The beneficiaries of the bulk of these transfers were the Supreme Leader’s office and its various tentacles, including the dominant Setad, the armed services, and the infamous bonyads (foundations). The implications of this stunning power-grab are better grasped because these institutions exercise virtually absolute control of all decision-making processes, legislative mechanisms, intelligence gathering, and access to significant budgetary commitments. As a result, major powerhouses have arisen, which now act as the main players and consequently the gatekeepers for western companies into the Iranian economy. 

The 14 powerhouses and large economic institutions that control Iran’s economy are as follows: 

The Headquarters for Executing the Order of the Imam (Setad) 

The Mostazafan (Oppressed) Foundation 

Astan-e Qods-e Razavi 

Shahid (Martyr) Foundation 

Emdad (Aid) Committee 

The Islamic Revolutionary Guard Corps (IRGC) Cooperative Foundation 

The Khatam al-Anbiya Construction Headquarters 

The Cooperative Foundation of the Bassij Force 

The Ghadir Investment Company 

The Armed Forces Social Welfare Investment Organization (SATA) 

Khatam al-Osia Construction Headquarters 

The Cooperative Foundation of the State Security Forces (NAJA) 

The Cooperative Foundation of the Army (BTAJA) 

The Cooperative Foundation of the Armed Forces Joint Chiefs of Staff (VDJA)” 

The vast and interconnected network of wealth and power in the hands of the Supreme leader is indicative of a sophisticated monopoly over the Iranian economy.
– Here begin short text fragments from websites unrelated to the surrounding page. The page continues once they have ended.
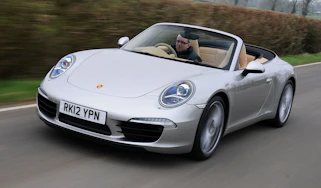 Porsche 911 Cabriolet front tracking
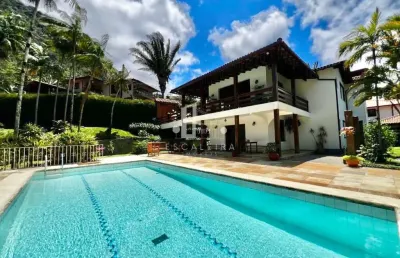 Imponente casa de alto padrão em condomínio exclusivo de teresópolis - 494m², 6 quartos e 4 suítes!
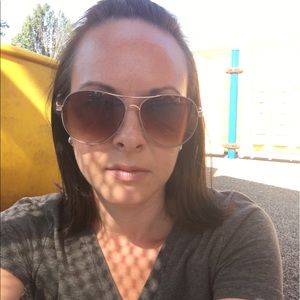 Meet your Posher, Kelli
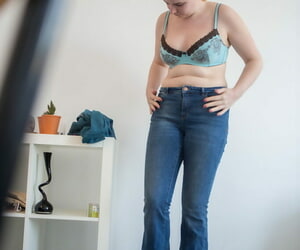 Heavy chick Ilse pulls superior to before say no to underwear and jeans while spy cam is uncoil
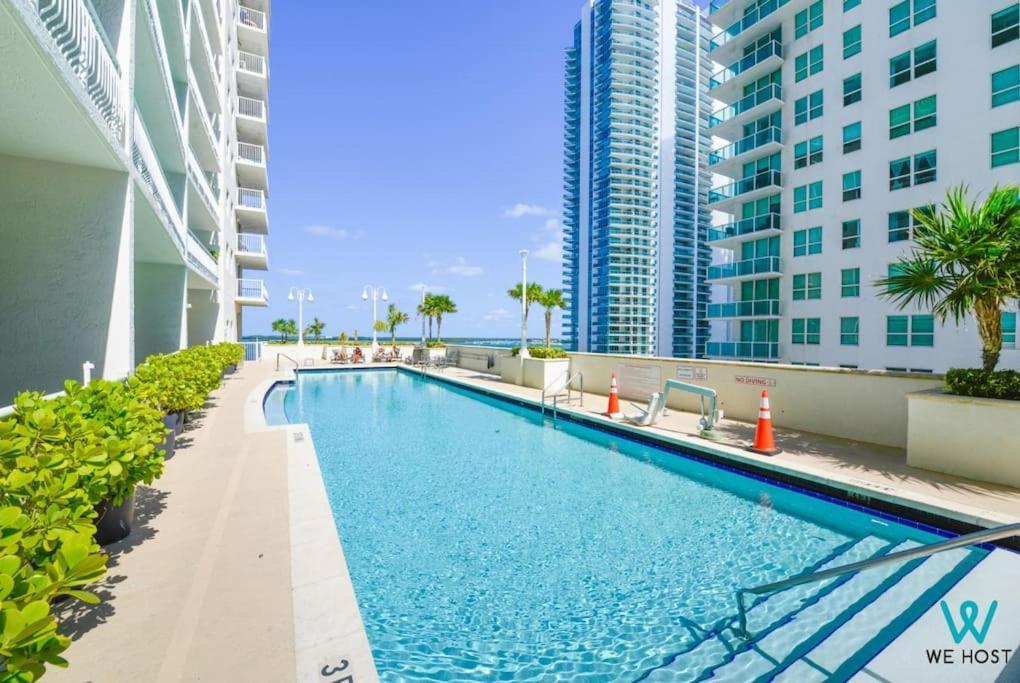 Appartement Trendy 2br With Pool And Bay Views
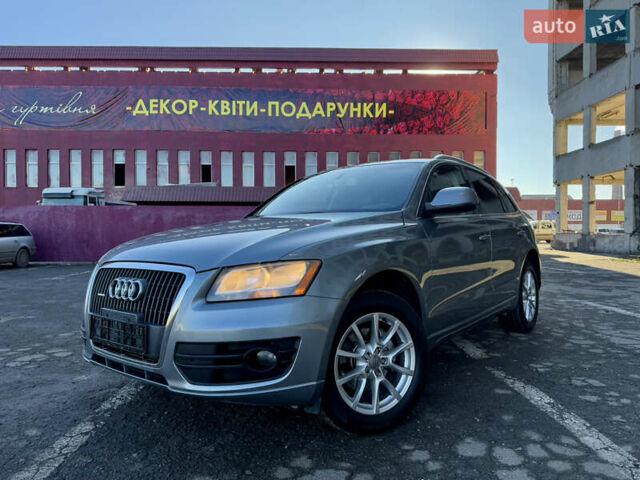 Серый Ауди Ку 5, объемом двигателя 2 л и пробегом 213 тыс. км за 9999 $, фото 1 на Automoto.ua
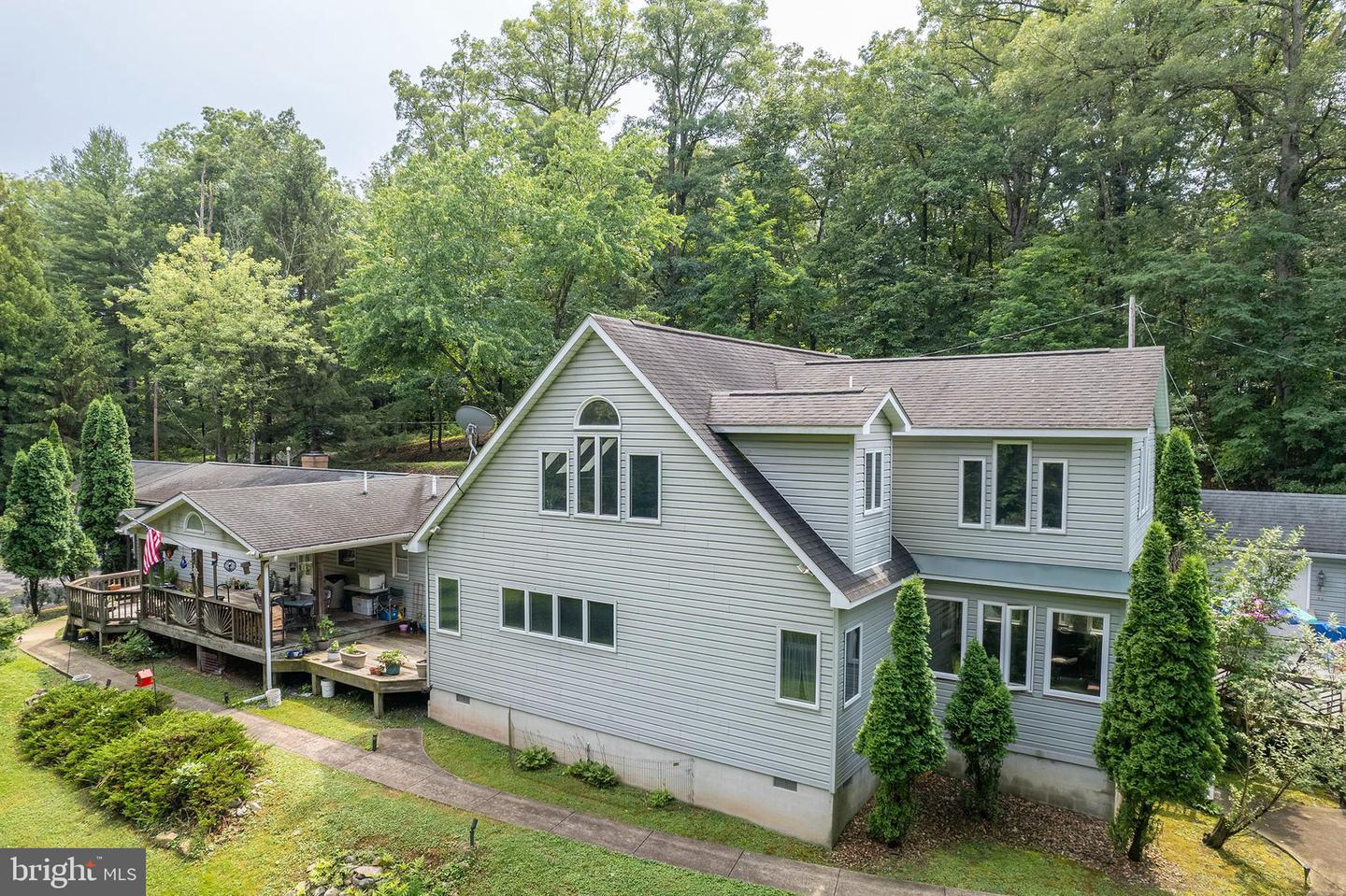 68 FARMS RIDGE LN, FRONT ROYAL, Virginia 22630, 4 Bedrooms Bedrooms, ,4 BathroomsBathrooms,Residential,For sale,68 FARMS RIDGE LN,VACL2003886 MLS # VACL2003886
Doing business with Iran is to do business with Khamenei and the IRGC. Simultaneously, the significant revenues from this monopoly enable and primarily fund the regime’s terrorism, intransigence, and regional adventurism. 

Meanwhile, the above facts and figures show that the regime is strategically unstable due to these developments to keep pace with the demands of a growing population and a young demographic. According to The Economist, “The Islamic Republic’s labor force is expected to grow by 2.5% annually in the five years to 2020, equivalent to about 3 million new job seekers. The problem is thorniest for young people and women, for whom unemployment stands at 25.2% and 19.7% respectively.” These figures are, in part, obtained from official and ultraconservative estimates. 

Conclusion 

The regime has plundered Iran’s national wealth to fund its illicit and malign activities, such as export of terrorism, racing toward a nuclear weapon, and manufacturing ballistic missiles. This is in addition to the regime’s institutionalized corruption, which devours billions of dollars a year. 

It is now becoming clear why Iranians are willing to boycott the regime’s sham presidential elections. 

This article could be summarized in the following points: 

– Iranians are grappling with poverty, which results from the regime’s wrong economic policies, corruption, and plundering the national wealth. 

– Iran’s economic crisis has no solution under the current regime, no matter who Khamenei selects. Because the regime is the real reason for Iran’s economic crisis 

– Since Khamenei and the IRGC dominate Iran’s economy; namely, the “private” section, doing any business with the regime will only fuel its warmongering and oppression machine. 

As the people of Iran continue their protests and call for a nationwide boycott of the regime’s sham presidential elections, the international community should support their desire and not recognize the mullahs’ sham elections.